Ron Asheton is dead. For those who don't know, he may have been solely responsible for giving a million guitarists who couldn't "play" but had scads of heart and soul the courage to get out there & do what needed to be done. How did he wield such power? Easy: he was The Stooges guitarist.


Ron was a rudimentary soloist in a time when rock guitarists were masturbating all over the fretboard. When everything else was peace & love, he was greasey & garage-y & full of Nazi memorabilia.


From jump street I was prepared to hate The Stooges. They were the "brother band" of the MC5, with whom at the time I was going through a nasty breakup (my aunt found the 5's lp, which I had lent my wiener cousin, and she went all Tipper Gore over it to my mother about its youth-corrupting properties, and I was banned from the stereo. Begrudgingly I inched towards safer rock & roll. How f#%king stupid was I?). So I figured here's more feedback-laden, out of control high energy noise, nothing like Clapton or The Airplane (yeah, no shit). Cut to a Saturday afternoon in the summer of 1969, & as I was getting in the shower, radio by the sink, WABX is featuring the first ever airplay of the 1st Stooges lp. First up: "No Fun". It was ... primal. Very basic, very rocking, handclaps & fuzzbox. Iggy's voice was the snottiest, most teenage voice I had heard at that point. The Stooges were dripping with "cool". I was too young to catch their shows at that point, but had heard and read all about them. I couldn't imagine their world, until that Saturday afternoon. Sold!

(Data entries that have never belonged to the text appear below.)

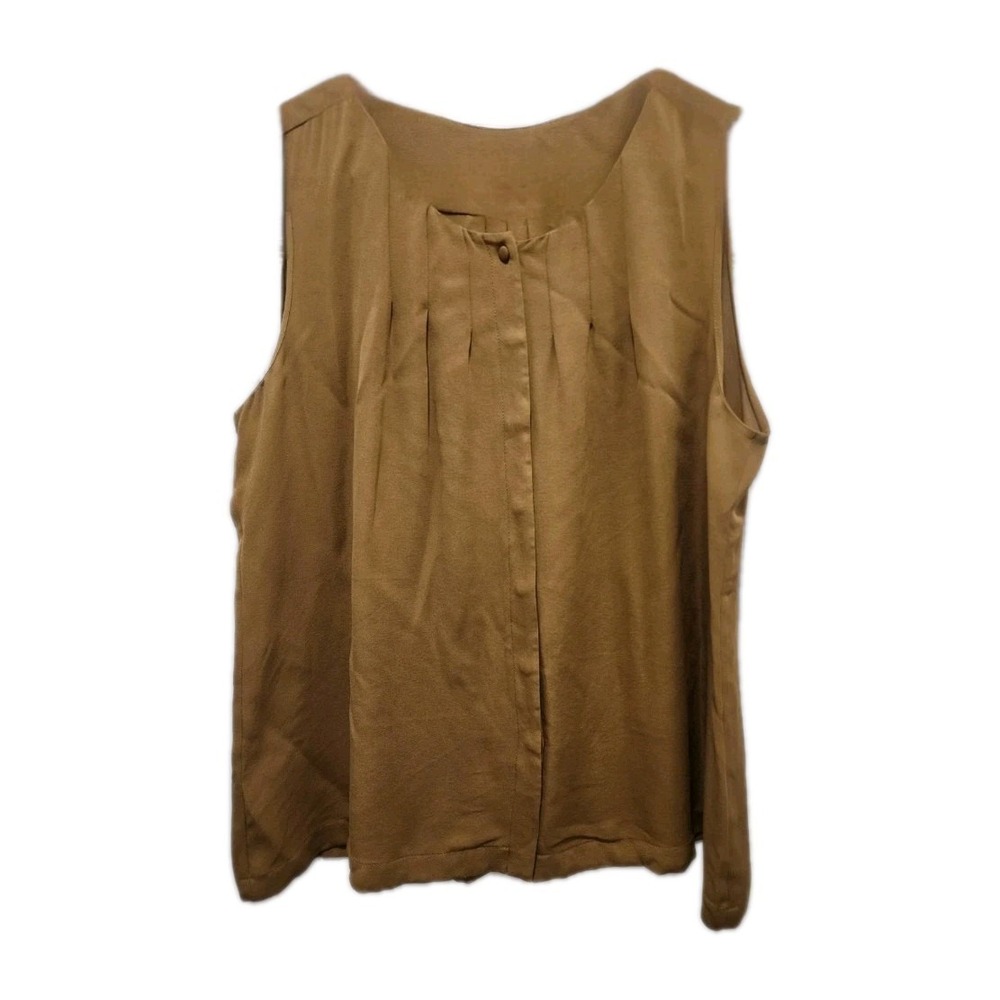 J Crew 100% Silk Button Front Pin Tuck Sleeveless Blouse Pleated Back Sz 12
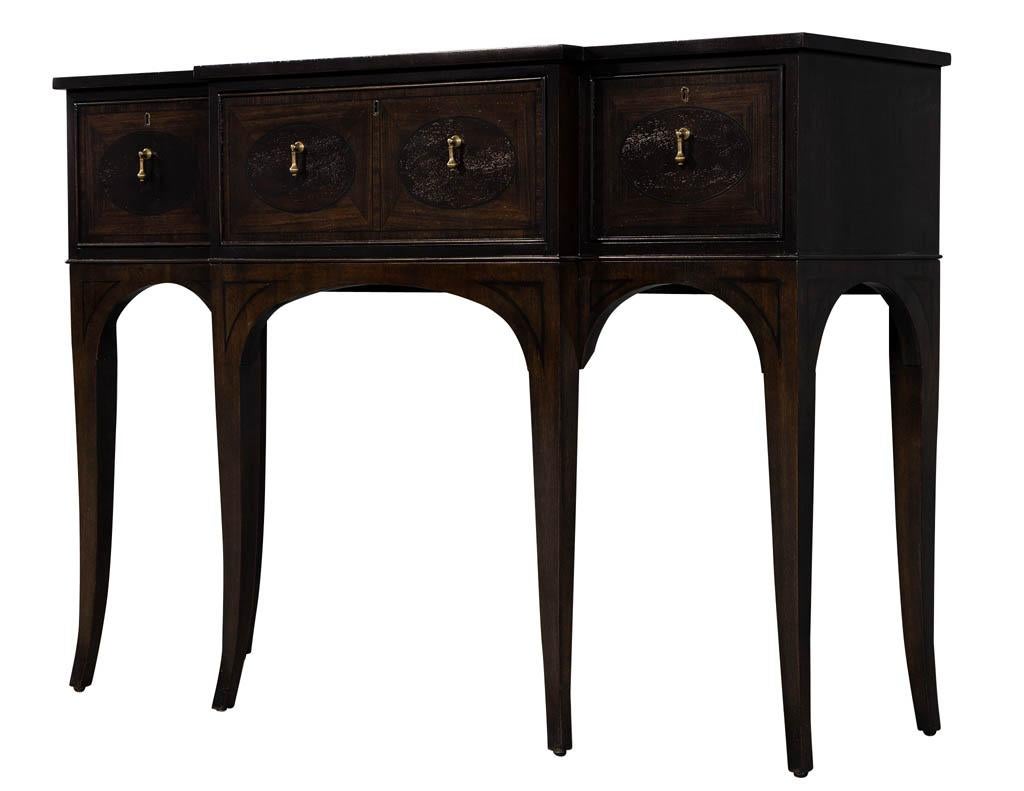 Traditional American Mahogany Inlaid Console Tables 4
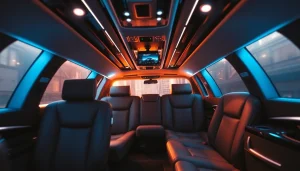 Experience exceptional car service in Atlanta with a luxurious limousine showcasing plush interiors.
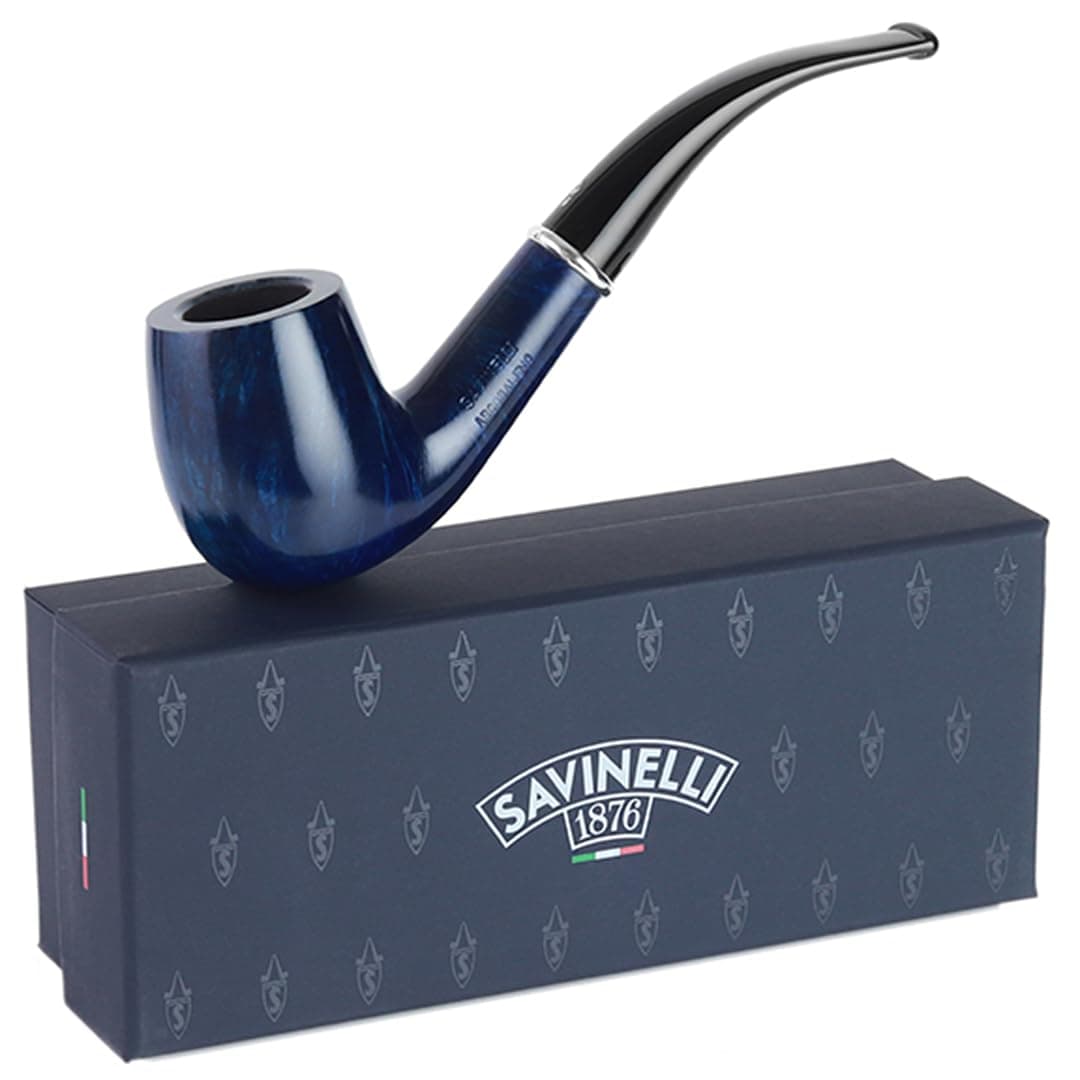 Pipes Arcobaleno 606 KS Bent Billiard - Polished & Colorful Handmade Wood Briar Pipe From Italy, 6mm (Blue)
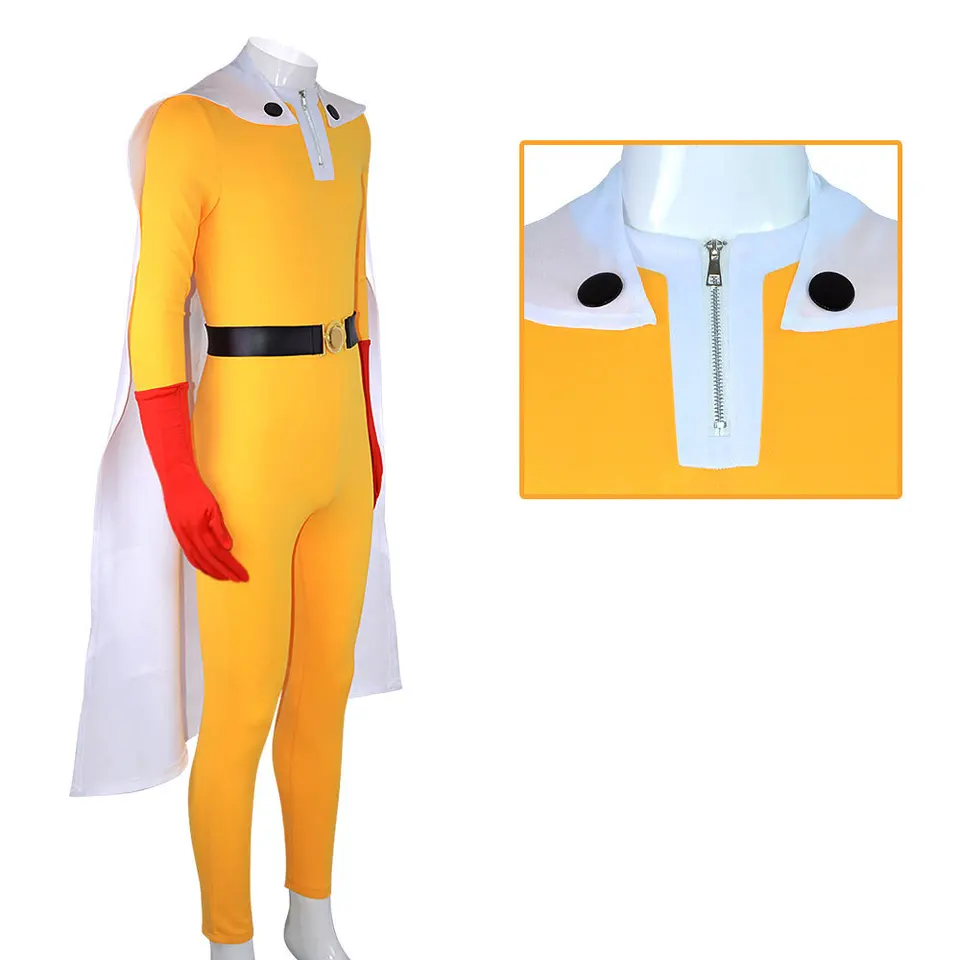 Anime Saitama Cosplay kostým Punch žltá kombinéza muž Halloween Carnival Cosplay Saitama Prispôsobené oblečenie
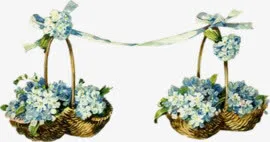 古典手绘蓝色鲜花花篮免抠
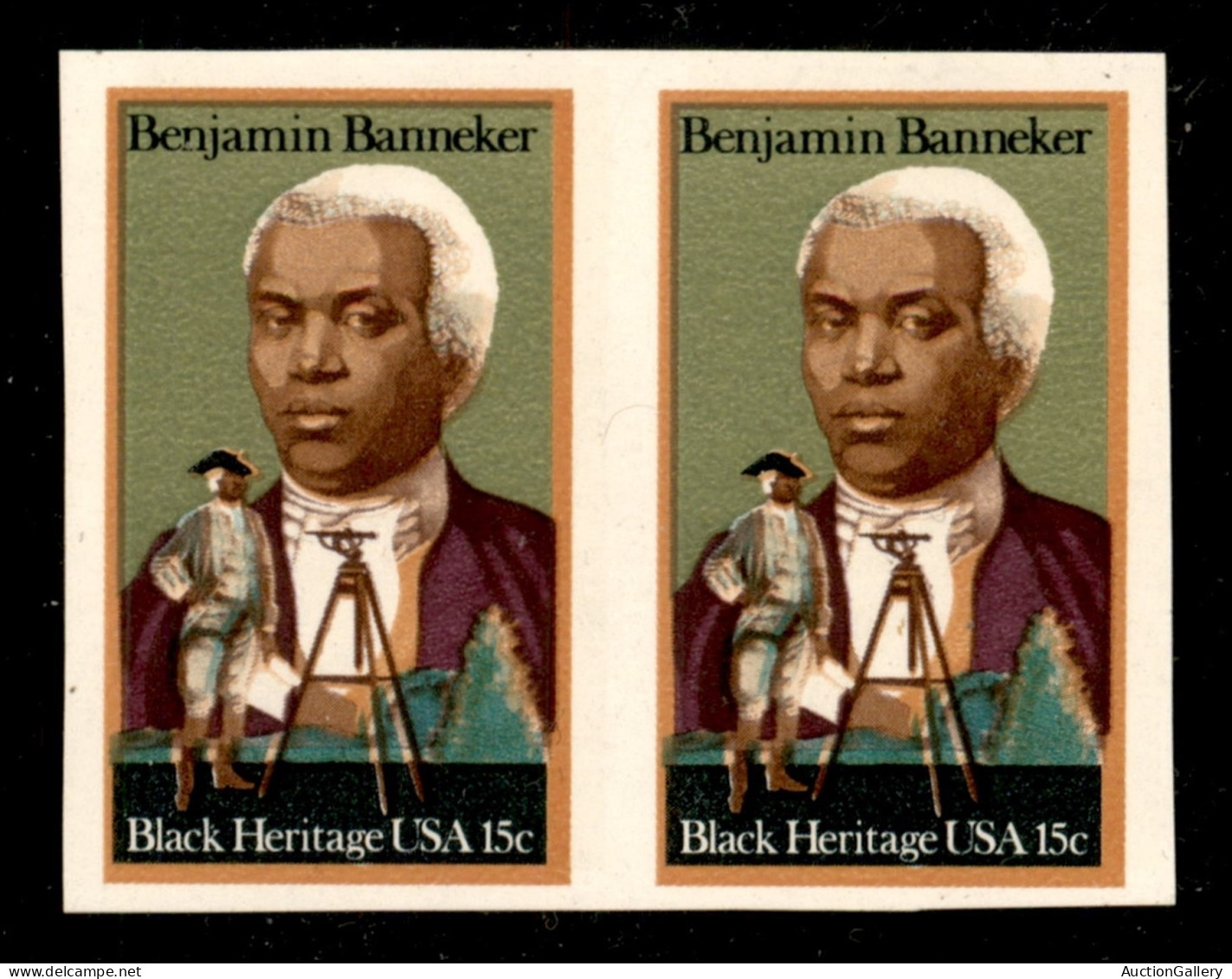 Oltremare - Stati Uniti D'America - 1980 - 15 Cent B. Ban Neker (1420 - Scott 1803a) - Coppia Non Dentellata - Gomma Int - Autres & Non Classés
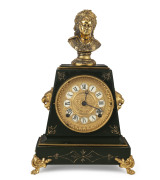 ANSONIA "Euclid With Figure, No.1042", enamel iron cased mantel clock, circa 1886, ​41cm high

Initially I thought Ron Asheton, who was so not like Clapton or Jerry Garcia or those other counter-culture guitar heroes, played no better than the pork-brained guitarist in my first garage band. I was "going to school" daily on my generation's rock & roll at that time. At 15 I was trying to wrap my head around not only The Stooges & MC5, but also The Velvet Underground, Coltrane, Howlin' Wolf and Sun Ra. Thank God for WABX.


Wait, this is supposed to be about Ron Asheton, not me. OK. He and original Stooge bassist Dave Alexander went to England in the mid-60s and saw The Who - of which he said he had never seen such pandemonium. I guess that was it for him.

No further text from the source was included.